Defendants filed a motion to dismiss the complaint on the grounds that it failed to state a valid cause of action. In granting the motion the Chancellor ruled that Si-mons, as a debenture holder, did not share in a fiduciary relationship with the issuing corporation or its directors and the complaint failed to plead facts necessary to maintain an action for fraud.

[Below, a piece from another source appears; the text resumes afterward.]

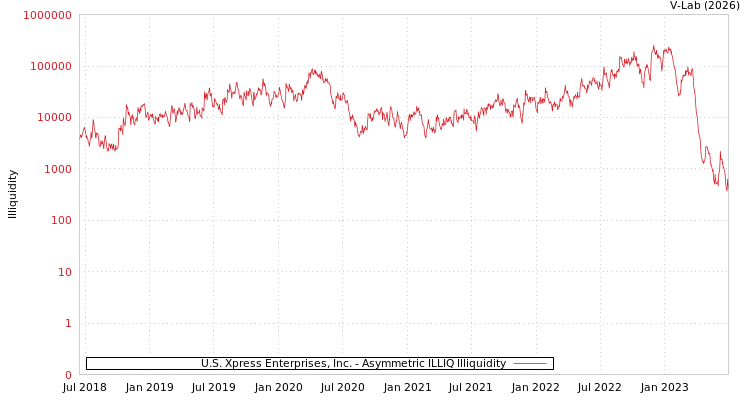 graph of U.S. Xpress Enterprises, Inc. ILLIQ-AMEM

He also held that the “no recourse” provision of the indenture barred an action based on breach of indenture against all defendants except the issuing corporation and the terms of the indenture barred Simons from bringing suit on the indenture without initially making a demand on the indenture trustee on behalf of 35 percent of the outstanding debentures.

II

The first issue presented in this appeal, whether the directors of the issuing corporation owe a fiduciary duty to the holders of convertible debentures, requires that we revisit a question addressed indirectly in an earlier opinion of this Court, Harff v. Kerkorian, Del.Supr., 347 A.2d 133 (1975).

This Court’s holding in Harff is best understood in the context of the Court of Chancery decision which it reviewed. In Harff, the plaintiffs had sought relief in the Court of Chancery, both derivatively and on behalf of a class. Harff v. Kerkorian, Del.Ch., 324 A.2d 215 (1974). Regarding plaintiff’s first claim, the Chancellor held that convertible debenture holders did not have standing as “stockholders” for purposes of maintaining a derivative action. Id. at 219. The court reasoned that, until the conversion feature is exercised, the debenture holders stand as creditors of the corporation with their rights determined by the indenture contract. The plaintiff in Harff also sought to assert class action rights, independent of the indenture, based on an alleged fiduciary duty owed by the director defendants to the debenture holders. In rejecting that assertion, the Chancellor concluded that such independent claims must be based on “special circumstances”:

It is apparent that unless there are special circumstances which affect the rights of the debenture holders as creditors of the corporation, e.g., fraud, insolvency, or a violation of a statute, the rights of the debenture holders are confined to the terms of the Indenture Agreement pursuant to which the debentures were issued.

324 A.2d at 222 (citations omitted).